Spent Fuel Storage

One of the main concerns people have over nuclear power is what to do with the fuel after it has spent time in the reactor. This used fuel still emits significant heat for years afterwards, and is highly radioactive for centuries.

Nuclear fuel spends about 6 years inside the reactor. Every 2 years, nuclear power plants shut the unit down and replace 1/3 of the assemblies with new fuel. The spent fuel at this point is still hot enough to require continuous cooling, so it is moved to the spent fuel pool (SFP).

https://www.ans.org/news/article-1579/spent-fuel-pool-fire-risk-goes-to-zero-a-few-months-after-reactor-shutdown/ (coincidentally a good article on SFPs and fires).

SFPs are massive. They are made of several feet of reinforced concrete with stainless steel liners. They contain enough water to cover the fuel at least 20 feet above the assemblies. This ensures there is sufficient water to provide cooling and to shield people from the radiation. As always in nuclear power, this is far more water than the minimum needed. This ensures operators have a lot of time to add more if needed.
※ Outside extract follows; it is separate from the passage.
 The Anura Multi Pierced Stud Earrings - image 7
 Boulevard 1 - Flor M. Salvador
SFPs can hold decades worth of used fuel, but were designed with the initial 40 year licenses in mind. Now that plants are operating out to 60 or even 80 years, they need more room. This is where the Independent Spent Fuel Storage Installations come in. ISFSI are where the concrete storage casks go once they are filled with the oldest fuel.

These casks contain no water. Fuel must spend at least 2 yrs in the pool before it has cooled enough to no longer need water cooling. The casks are cooled by the air moving around the containers. The inside is a sealed stainless steel canister filled with helium. This helps with the cooling and gives us a way to monitor pressure to ensure there are no leaks.
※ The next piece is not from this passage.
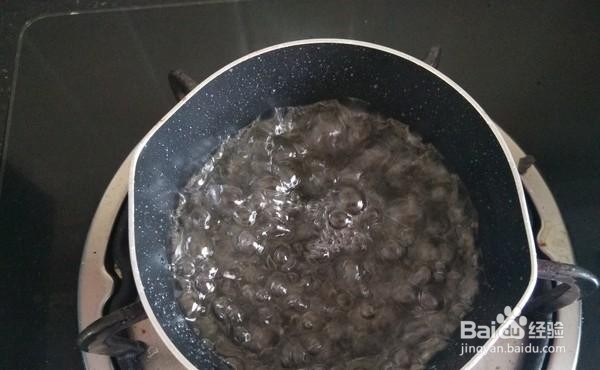 教你做美味的蔓越莓马蹄糕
The below picture is Palo Verde. It is the largest nuclear plant in the US, located fifty miles west of Phoenix. In the top left corner you can see a rectangle. Each of those cylinders is a spent fuel storage cask. As you can see, there really aren’t that many and they only add a few each year.

By Cuhlik – Own work, Public Domain, https://commons.wikimedia.org/w/index.php?curid=11039169

Below is a closeup of the casks themselves. They are approximately 20 feet tall and 10 feet across. Each cask can hold around 20 assemblies. The casks are designed to handle just about anything that can be thrown at them, including earthquakes, tornadoes, and fires.

So, each nuclear plant in the country has an ISFSI. This means that the spent fuel is kept on site at a little over 50 places across the US. This is a security concern and the United States planned to fix it with a place called Yucca Mountain.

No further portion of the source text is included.